While most industry watchers have been looking at Firefox as the most significant pretender to IE's (Internet Explorer's) crown, Opera has been plotting an attack of its own. This browser has been around almost since the birth of the web, but this beta of version 9.0 shows Opera has still got its finger on the pulse.
The main interface is clear and reasonably uncluttered. Support for tabs is better than ever, while pop-up and content blocking is well executed. You can even attach notes to a specific website or ask the program to filter out pictures or remove references to specified topics from the page. But Opera is more than a selection of beautifully executed tools.

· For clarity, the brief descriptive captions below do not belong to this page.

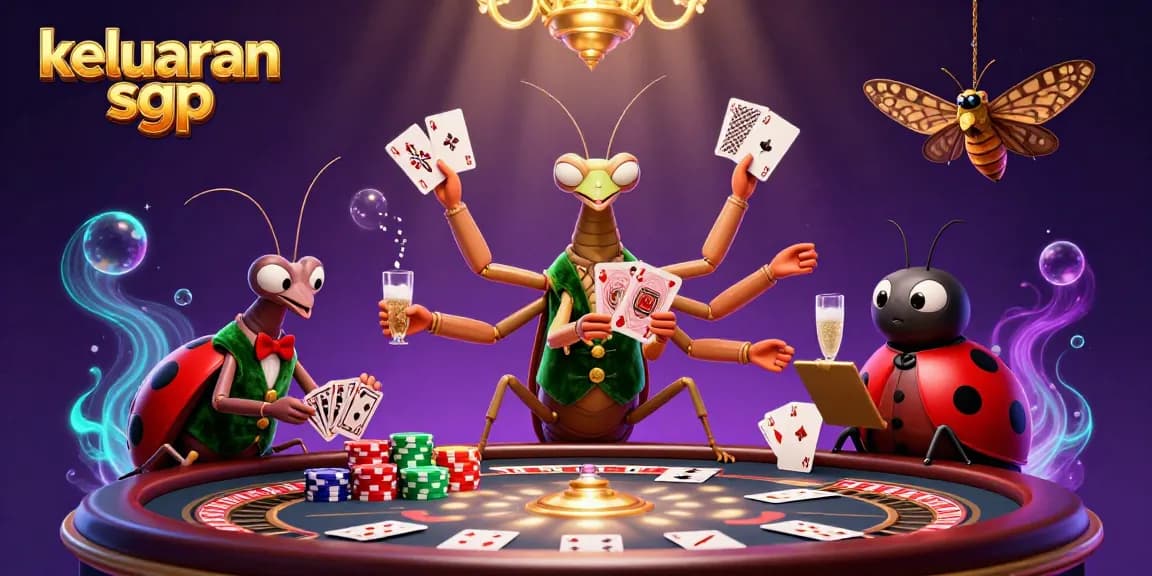 Keluaran sgp memperlihatkan ilustrasi kartun 3D dari karakter kasino dengan elemen permainan yang kaya dan menarik.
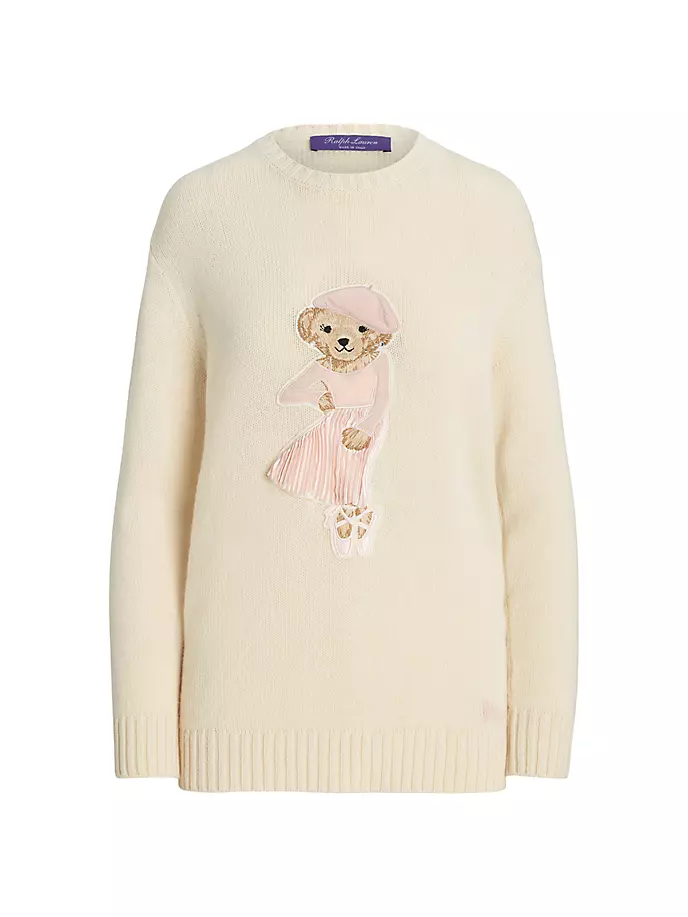 

Кашемировый свитер с медведем-балериной Ralph Lauren Collection, цвет butter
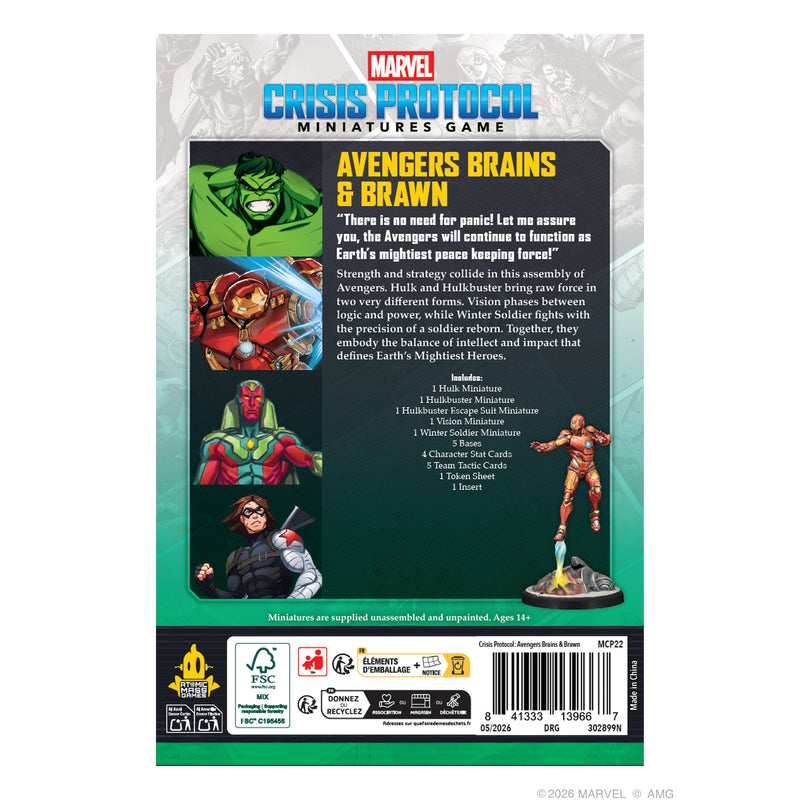 Load image into Gallery viewer, Marvel Crisis Protocol – Avengers Brains &amp; Brawn Character Pack - Back of packaging with game overview, contents list, and image of Hulkbuster Escape Suite miniature.
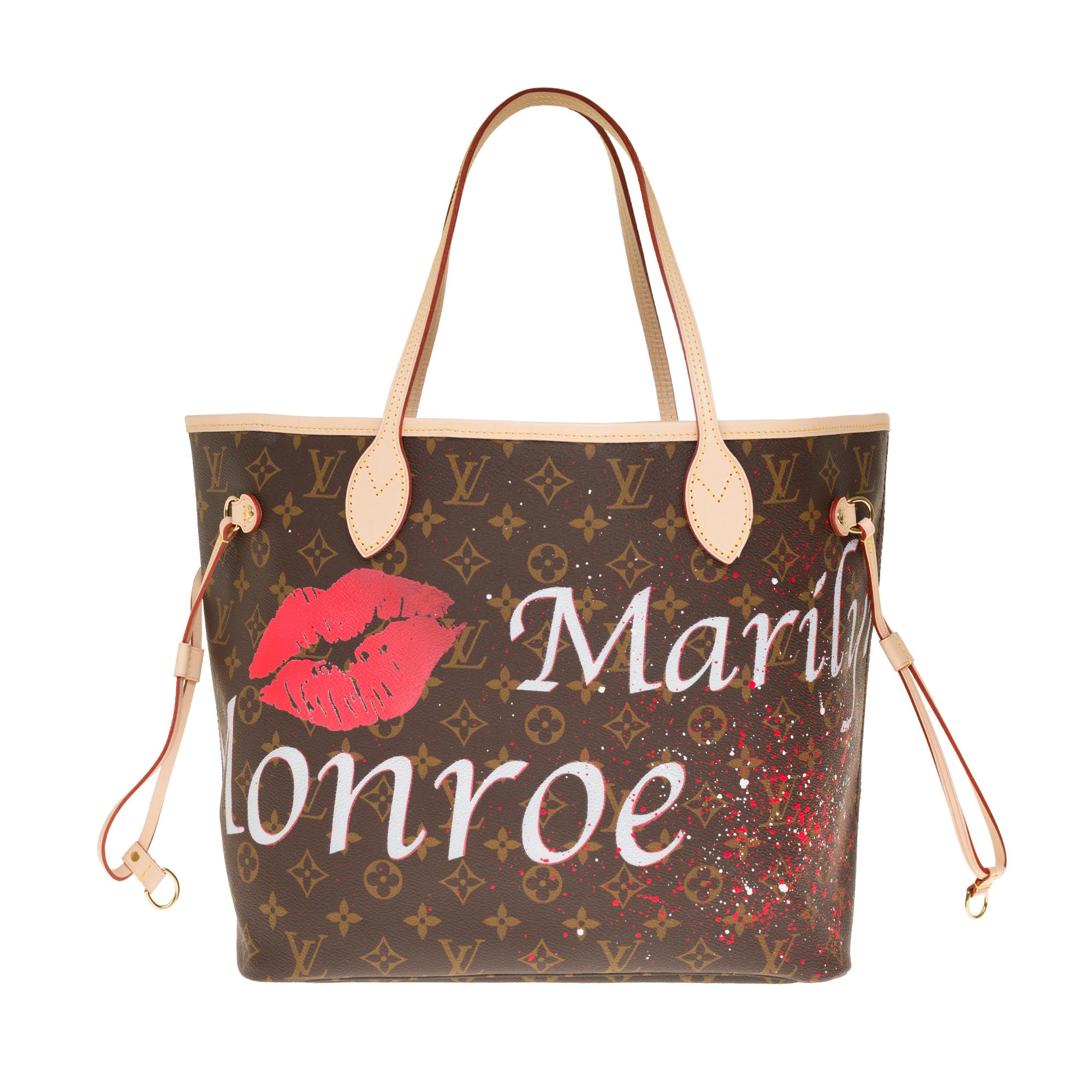 Stunning Louis Vuitton Neverfull MM Tote Bag in new monogram canvas customized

Perhaps most attractively, Opera has introduced extensive support for BitTorrent, a comparatively recent and (until now) wilfully arcane file-transfer system. Opera's dedicated interface makes it easier to swap music files, movies and the like. Those charged with protecting digital media rights may question whether this is a good thing, but it's guaranteed to make Opera more popular.
Many browsers have latched on to the Google taskbar idea, and Opera boasts a similar feature, automatically rerouting the browser to Google's page and displaying relevant entries in their full-screen glory. Best of all, Opera's version lets you assign your own web page, so if you would prefer to have one-entry access to eBay or Amazon, you can.
It's touches like this that make Opera an intriguing prospect. The browser is to be applauded for its support for 'widgets' – small applets that let you add extra features to your browser – which add flexibility to an already extremely versatile program.